Au-delà du chef-d’œuvre de Victor Hugo, l’anthologie Notre-Dame des écrivains propose, selon Michel Crépu, « une conversation entre regards ». Loin d’être une simple encyclopédie littéraire, ce recueil fait dialoguer aussi bien les textes que les époques. « Notre-Dame de Paris est un monument complexe, qui suscite des émotions complexes. La cathédrale renvoie, dans la littérature à une grande variété de sentiments », souligne Maryvonne de Saint-Pulgent, présidente du Comité d’histoire au ministère de la Culture. Jugée « impressionnante et sombre » dans certaines œuvres, elle est perçue comme « un sanctuaire rassurant, un lieu de rêveries poétiques » dans d’autres.

Les lignes de Notre-Dame de Paris ne sont pas verticales mais horizontales, ce sont les lignes d’un livre 

Autre regard : celui, plus inattendu, de la littérature policière. Auteur reconnu de ce genre littéraire, Alexis Ragougneau est frappé par les multiples facettes de l’édifice. « C’est un bastion de la religion catholique, un lieu qui se protège du monde extérieur. Mais c’est aussi une tour de Babel, rassemblant chaque jour des dizaines de milliers de touristes », souligne le romancier, qui rappelle qu’il a été, pendant plus d’un an, employé en tant que surveillant à Notre-Dame. « Je suis, initialement, un dramaturge et ce poste m’a rapidement donné envie de créer des scènes, des histoires. Mais je ne l’ai pas fait sous forme de pièce de théâtre, car Notre-Dame de Paris est déjà un théâtre », déclare-t-il. Un lieu où se jouent des querelles et des contradictions que l’on retrouve à l’échelle de la France. Pour lui, « décrire Notre-Dame, c’est décrire notre pays ».

A l’image du roman, Notre-Dame est en effet le reflet du monde qui l’entoure.

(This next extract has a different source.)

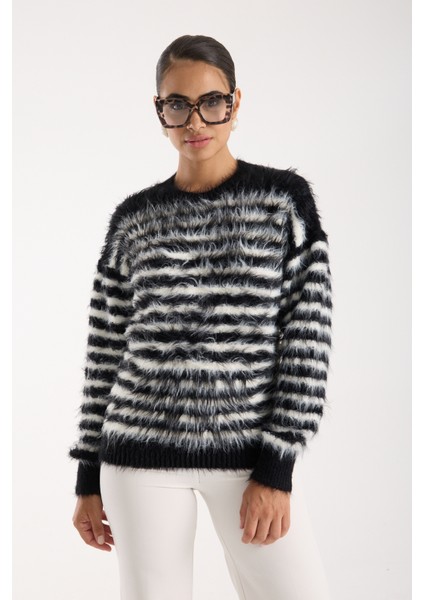 Kadın Siyah-Beyaz Sakal Iplik Çizgili Bisiklet Yaka Triko Kazak fiyatları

Son lien avec la littérature rejaillit jusque dans son architecture. « Les lignes de Notre-Dame de Paris ne sont pas verticales mais horizontales, ce sont les lignes d’un livre », souligne Maryvonne de Saint-Pulgent. Quoi de plus logique, dès lors, que de se consoler par la lecture du drame qui a frappé cette « bible de pierre » ? « Il n’y a pas eu de morts dans cet incendie, mais celui-ci a néanmoins été à l’origine d’un grand chagrin collectif, sans que l’on sache très bien sa signification. Si cette anthologie a un mérite, c’est bien celui d’éclairer un peu cette peine qui est restée à nos côtés », conclut Michel Crépu.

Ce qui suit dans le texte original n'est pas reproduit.